Il rapporto, redatto in collaborazione con il Gestore dei Servizi Energetici (GSE) e Sorgenia, precisa che i Comuni italiani che ospitano almeno un impianto a fonti rinnovabili sono 7.661 (erano 6.993 nel Rapporto 2010): una grande maggioranza dei Comuni hanno almeno un impianto solare termico o fotovoltaico (7.273), 1.033 utilizzano biomasse e biogas, 946 hanno impianti di mini-idroelettrico, 374 ospitano uno o più impianti eolici, 290 hanno sonde geotermiche.
Vittorio Cogliati Dezza, Presidente di Legambiente: “Queste esperienze dimostrano come le fonti rinnovabili sono oggi tecnologie affidabili, su cui è possibile costruire un modello energetico più moderno, efficiente e pulito.
Occorre sostenere questo scenario, dando certezze a imprese, cittadini, enti locali, per sviluppare innovazione e qualità nel territorio, e consentire in poco tempo di raddoppiare gli attuali 120 mila occupati nel settore.
Chiediamo al governo un impegno preciso in questa direzione, a cominciare da una modifica al Decreto Romani che ha di fatto frenato e tolto ogni certezza agli investimenti, introducendo un tetto alla crescita delle rinnovabili e una revisione degli incentivi che complica gli interventi.
Oggi, anche alla luce di quanto avvenuto a Fukushima, puntare sulle fonti pulite è l’unica prospettiva energetica percorribile per l’Italia, che ha tutto l’interesse a raggiungere i target previsti dall’UE al 2020 rendendo più moderno e pulito, sicuro e meno dipendente dall’estero il suo sistema energetico.
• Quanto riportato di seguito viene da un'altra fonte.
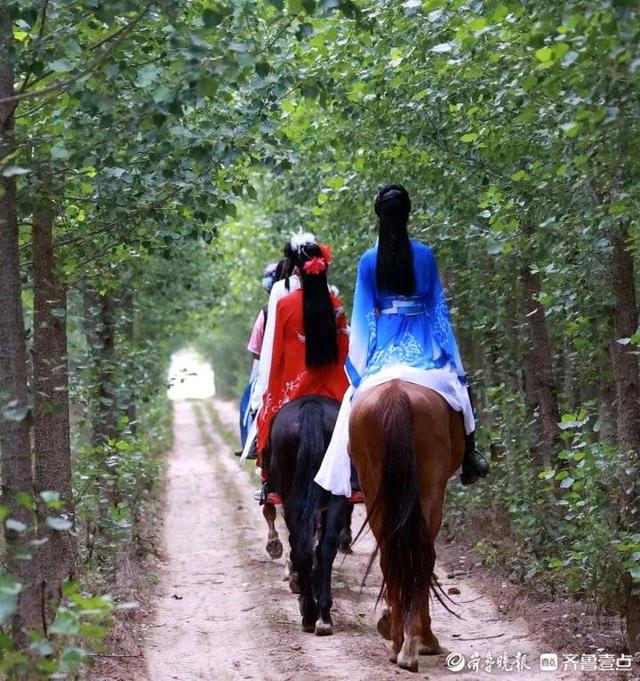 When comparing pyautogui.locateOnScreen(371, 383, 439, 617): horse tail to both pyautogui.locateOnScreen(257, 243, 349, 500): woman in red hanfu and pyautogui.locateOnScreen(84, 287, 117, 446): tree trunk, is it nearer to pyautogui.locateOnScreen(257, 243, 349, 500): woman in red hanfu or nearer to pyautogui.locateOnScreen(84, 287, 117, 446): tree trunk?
pyautogui.locateOnScreen(257, 243, 349, 500): woman in red hanfu

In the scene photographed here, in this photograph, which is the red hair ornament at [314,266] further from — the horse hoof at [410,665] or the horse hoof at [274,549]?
the horse hoof at [274,549]

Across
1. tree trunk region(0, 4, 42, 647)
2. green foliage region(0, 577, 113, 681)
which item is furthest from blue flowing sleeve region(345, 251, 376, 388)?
green foliage region(0, 577, 113, 681)

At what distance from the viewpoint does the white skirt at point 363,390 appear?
7117 millimetres

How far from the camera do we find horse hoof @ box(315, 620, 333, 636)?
8055mm

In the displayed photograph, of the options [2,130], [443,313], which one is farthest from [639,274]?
[2,130]

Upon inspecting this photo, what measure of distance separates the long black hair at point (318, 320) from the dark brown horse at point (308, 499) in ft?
1.27

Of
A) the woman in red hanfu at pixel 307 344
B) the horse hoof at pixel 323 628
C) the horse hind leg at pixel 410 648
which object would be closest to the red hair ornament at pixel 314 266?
the woman in red hanfu at pixel 307 344

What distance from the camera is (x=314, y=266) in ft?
28.6

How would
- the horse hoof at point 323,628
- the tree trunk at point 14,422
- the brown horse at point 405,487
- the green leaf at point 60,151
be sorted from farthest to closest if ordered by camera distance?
the horse hoof at point 323,628 → the brown horse at point 405,487 → the green leaf at point 60,151 → the tree trunk at point 14,422

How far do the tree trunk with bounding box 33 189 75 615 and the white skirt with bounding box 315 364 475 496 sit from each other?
1733 millimetres

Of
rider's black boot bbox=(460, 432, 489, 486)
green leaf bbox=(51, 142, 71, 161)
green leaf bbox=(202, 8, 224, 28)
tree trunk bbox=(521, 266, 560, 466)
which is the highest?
green leaf bbox=(202, 8, 224, 28)

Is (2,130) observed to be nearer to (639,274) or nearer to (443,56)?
(443,56)

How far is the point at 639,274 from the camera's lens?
910 cm

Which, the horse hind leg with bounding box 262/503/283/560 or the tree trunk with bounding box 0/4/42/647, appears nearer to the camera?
the tree trunk with bounding box 0/4/42/647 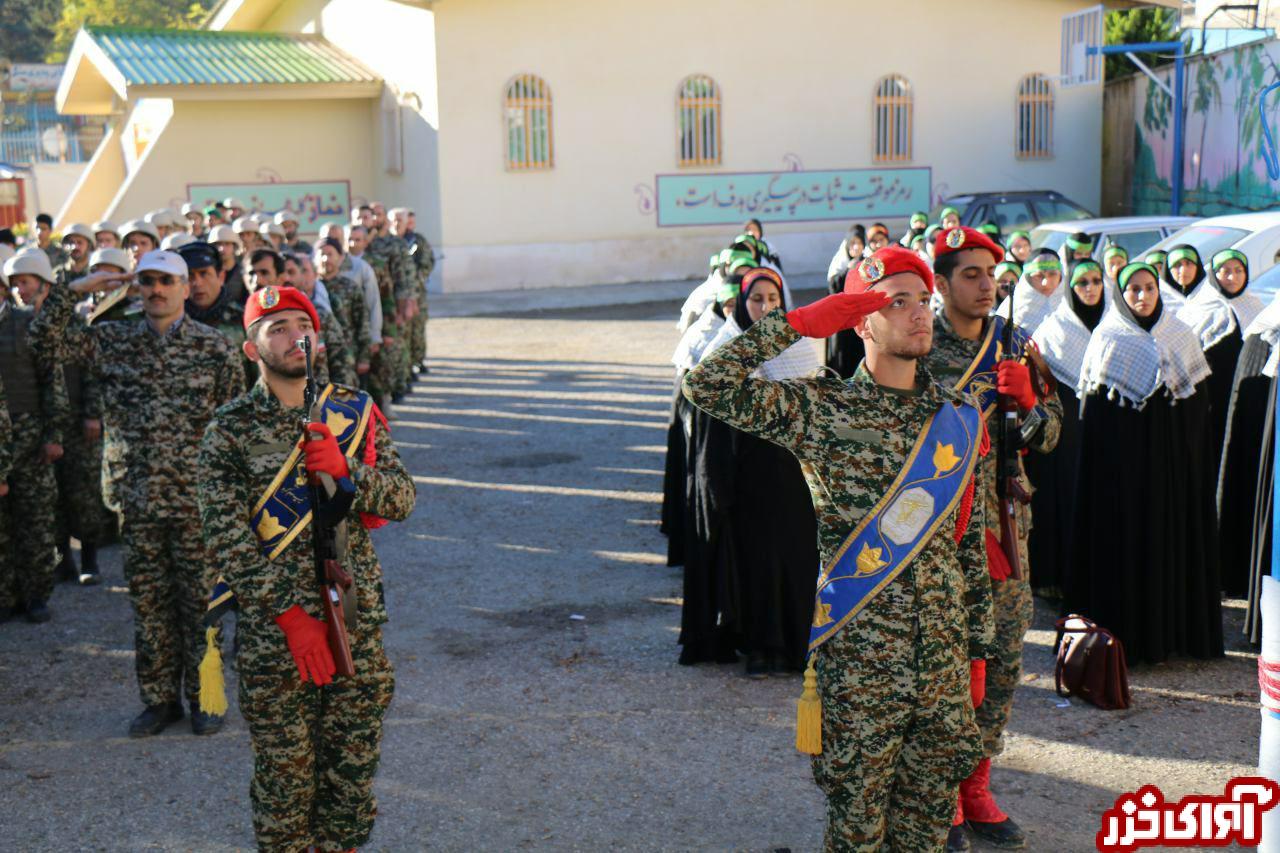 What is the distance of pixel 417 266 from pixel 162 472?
9942 mm

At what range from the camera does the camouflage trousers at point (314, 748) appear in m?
4.38

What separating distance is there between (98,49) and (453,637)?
23303mm

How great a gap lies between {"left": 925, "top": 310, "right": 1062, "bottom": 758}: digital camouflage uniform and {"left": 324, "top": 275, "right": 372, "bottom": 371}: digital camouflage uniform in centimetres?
688

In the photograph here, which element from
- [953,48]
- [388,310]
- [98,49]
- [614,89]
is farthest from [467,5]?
[388,310]

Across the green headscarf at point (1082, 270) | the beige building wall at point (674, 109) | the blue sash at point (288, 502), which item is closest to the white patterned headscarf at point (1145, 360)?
the green headscarf at point (1082, 270)

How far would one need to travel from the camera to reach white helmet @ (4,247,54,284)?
8219 millimetres

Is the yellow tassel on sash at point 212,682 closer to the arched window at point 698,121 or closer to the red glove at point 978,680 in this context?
the red glove at point 978,680

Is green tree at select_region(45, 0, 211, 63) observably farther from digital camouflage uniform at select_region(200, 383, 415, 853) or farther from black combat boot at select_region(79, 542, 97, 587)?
digital camouflage uniform at select_region(200, 383, 415, 853)

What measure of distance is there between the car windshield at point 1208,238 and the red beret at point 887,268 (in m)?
9.69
I numeri presentati oggi dimostrano che l’alternativa al nucleare esiste e che la rivoluzione energetica è già iniziata”.
Vengono menzionati nel rapporto i 964 comuni in grado di produrre più energia elettrica rispetto ai propri consumi utilizzando le fonti rinnovabili: tra tutti questi Comuni il premio di sostenibilità energetica 2011 è stato vinto da Morgex (AO) e Brunico (BZ), due comuni dell’arco alpino che arrivano a coprire il 100% dei propri bisogni energetici (elettrici e termici) mediante fonti rinnovabili.
La Provincia di Potenza ha vinto invece il premio per miglior buona pratica del 2011, legato alla crescita nell’istallazione e nella progettazione di nuovi impianti rinnovabili: qui è avvenuta istallazione di 21.816 kW di fotovoltaico (oltre a 150 MW di eolico, a 6 di idroelettrico e a 691 kW di biogas).
Edoardo Zanchini, responsabile energia di Legambiente: “I Comuni rinnovabili italiani sono un esempio di successo e una chiave fondamentale per capire come dovrà funzionare un modello energetico costruito intorno alle fonti pulite e agli impianti più efficienti.
Il dibattito politico italiano dovrebbe guardare a queste esperienze e a un Paese come la Germania, dove sono stati ottenuti in poco tempo risultati di crescita impressionante e si è costruito un nuovo sistema industriale con 350mila occupati, e dove il Governo ha recentemente definito l’obiettivo al 2050 di un contributo pari all’80% di fonti rinnovabili rispetto ai consumi elettrici.
Altro che fonti inutili e marginali. Puntare su rinnovabili ed efficienza energetica è una sfida nell’interesse dell’Italia e dei suoi cittadini e può diventare una grande opportunità di competitività per un sistema industriale come il nostro che ha il suo cuore nelle piccole e medie imprese.
La sfida ora è costruire una seconda fase dello sviluppo delle rinnovabili nel territorio, per raggiungere gli obiettivi europei di sviluppo al 2020 e poi continuare a progredire nell’innovazione energetica e in una progressiva uscita dalle fonti fossili”.
Rinnovabili come strada di sviluppo pulito e come occasione di risparmio economico. I cittadini l’hanno capito, il Governo no.